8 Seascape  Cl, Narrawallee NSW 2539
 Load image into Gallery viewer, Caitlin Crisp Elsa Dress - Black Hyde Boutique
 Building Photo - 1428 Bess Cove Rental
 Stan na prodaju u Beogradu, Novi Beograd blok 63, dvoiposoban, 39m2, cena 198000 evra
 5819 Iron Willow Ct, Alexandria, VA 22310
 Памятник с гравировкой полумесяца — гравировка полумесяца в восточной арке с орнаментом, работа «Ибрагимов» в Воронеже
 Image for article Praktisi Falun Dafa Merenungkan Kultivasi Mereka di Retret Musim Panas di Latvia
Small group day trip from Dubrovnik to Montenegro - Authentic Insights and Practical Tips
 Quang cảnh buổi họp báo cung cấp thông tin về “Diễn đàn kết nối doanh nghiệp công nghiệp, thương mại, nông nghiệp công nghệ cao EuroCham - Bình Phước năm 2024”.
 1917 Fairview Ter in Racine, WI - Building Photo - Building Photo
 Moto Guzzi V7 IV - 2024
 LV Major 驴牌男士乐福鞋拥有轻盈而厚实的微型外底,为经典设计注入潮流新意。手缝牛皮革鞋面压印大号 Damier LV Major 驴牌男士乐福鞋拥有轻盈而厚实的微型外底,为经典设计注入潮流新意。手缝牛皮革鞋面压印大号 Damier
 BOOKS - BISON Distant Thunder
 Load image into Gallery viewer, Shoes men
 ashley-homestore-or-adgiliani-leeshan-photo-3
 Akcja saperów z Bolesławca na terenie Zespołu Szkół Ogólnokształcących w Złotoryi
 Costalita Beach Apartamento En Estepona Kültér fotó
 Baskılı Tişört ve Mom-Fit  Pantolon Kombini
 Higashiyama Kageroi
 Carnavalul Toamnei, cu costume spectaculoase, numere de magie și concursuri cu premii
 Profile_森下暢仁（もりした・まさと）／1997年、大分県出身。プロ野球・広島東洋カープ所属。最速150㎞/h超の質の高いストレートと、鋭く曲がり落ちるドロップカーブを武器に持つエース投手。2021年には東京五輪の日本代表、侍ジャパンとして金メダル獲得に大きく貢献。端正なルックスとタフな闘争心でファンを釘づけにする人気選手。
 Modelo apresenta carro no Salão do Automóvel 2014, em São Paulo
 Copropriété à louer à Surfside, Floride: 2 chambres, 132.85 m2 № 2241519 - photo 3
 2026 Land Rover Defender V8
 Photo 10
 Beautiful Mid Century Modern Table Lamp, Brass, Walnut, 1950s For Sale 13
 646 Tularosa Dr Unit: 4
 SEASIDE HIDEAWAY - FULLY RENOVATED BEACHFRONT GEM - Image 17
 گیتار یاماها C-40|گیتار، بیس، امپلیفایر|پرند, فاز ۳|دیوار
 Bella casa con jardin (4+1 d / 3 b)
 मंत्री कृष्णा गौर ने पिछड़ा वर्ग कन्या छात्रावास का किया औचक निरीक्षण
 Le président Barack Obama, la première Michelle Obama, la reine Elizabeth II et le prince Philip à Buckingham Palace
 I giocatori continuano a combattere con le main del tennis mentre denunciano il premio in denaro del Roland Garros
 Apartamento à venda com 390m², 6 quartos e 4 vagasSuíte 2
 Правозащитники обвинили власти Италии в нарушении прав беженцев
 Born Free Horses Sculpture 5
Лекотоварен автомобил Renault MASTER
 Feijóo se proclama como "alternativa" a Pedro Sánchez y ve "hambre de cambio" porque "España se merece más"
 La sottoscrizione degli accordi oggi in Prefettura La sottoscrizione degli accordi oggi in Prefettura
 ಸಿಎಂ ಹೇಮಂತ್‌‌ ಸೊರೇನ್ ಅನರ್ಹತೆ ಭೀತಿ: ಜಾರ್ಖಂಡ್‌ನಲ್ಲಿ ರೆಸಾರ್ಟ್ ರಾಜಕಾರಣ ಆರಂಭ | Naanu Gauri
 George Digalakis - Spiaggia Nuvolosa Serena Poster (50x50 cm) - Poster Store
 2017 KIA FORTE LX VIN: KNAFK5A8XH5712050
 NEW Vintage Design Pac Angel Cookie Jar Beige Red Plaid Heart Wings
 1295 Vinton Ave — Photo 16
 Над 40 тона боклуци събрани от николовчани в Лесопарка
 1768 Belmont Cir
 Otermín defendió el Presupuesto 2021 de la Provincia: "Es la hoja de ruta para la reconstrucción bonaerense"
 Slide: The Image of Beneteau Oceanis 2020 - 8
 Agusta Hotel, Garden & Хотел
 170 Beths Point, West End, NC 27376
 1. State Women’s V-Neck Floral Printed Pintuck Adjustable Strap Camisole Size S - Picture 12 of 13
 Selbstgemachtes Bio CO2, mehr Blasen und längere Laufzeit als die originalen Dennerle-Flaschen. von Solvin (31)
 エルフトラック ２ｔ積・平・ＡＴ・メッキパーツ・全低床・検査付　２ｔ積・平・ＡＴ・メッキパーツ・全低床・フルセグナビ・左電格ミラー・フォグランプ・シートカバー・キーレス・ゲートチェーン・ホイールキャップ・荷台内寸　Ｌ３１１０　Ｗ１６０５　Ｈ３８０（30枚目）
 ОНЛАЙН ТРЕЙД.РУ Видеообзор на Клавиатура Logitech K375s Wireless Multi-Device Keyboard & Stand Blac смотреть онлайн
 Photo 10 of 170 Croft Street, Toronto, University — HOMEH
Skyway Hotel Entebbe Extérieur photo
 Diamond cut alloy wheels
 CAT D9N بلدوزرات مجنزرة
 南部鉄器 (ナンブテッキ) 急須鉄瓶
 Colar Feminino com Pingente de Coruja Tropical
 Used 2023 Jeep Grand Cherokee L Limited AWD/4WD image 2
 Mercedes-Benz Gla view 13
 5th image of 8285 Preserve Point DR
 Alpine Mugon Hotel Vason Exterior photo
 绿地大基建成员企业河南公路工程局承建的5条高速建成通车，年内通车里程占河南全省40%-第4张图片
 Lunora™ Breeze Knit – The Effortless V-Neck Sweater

▶ [Brief] When you repeat the lines, start with the first line of the material and end with the line that contains "Image for article", keeping both and reproducing each exactly, with nothing added.

▶ [Task output]
8 Seascape  Cl, Narrawallee NSW 2539
 Load image into Gallery viewer, Caitlin Crisp Elsa Dress - Black Hyde Boutique
 Building Photo - 1428 Bess Cove Rental
 Stan na prodaju u Beogradu, Novi Beograd blok 63, dvoiposoban, 39m2, cena 198000 evra
 5819 Iron Willow Ct, Alexandria, VA 22310
 Памятник с гравировкой полумесяца — гравировка полумесяца в восточной арке с орнаментом, работа «Ибрагимов» в Воронеже
 Image for article Praktisi Falun Dafa Merenungkan Kultivasi Mereka di Retret Musim Panas di Latvia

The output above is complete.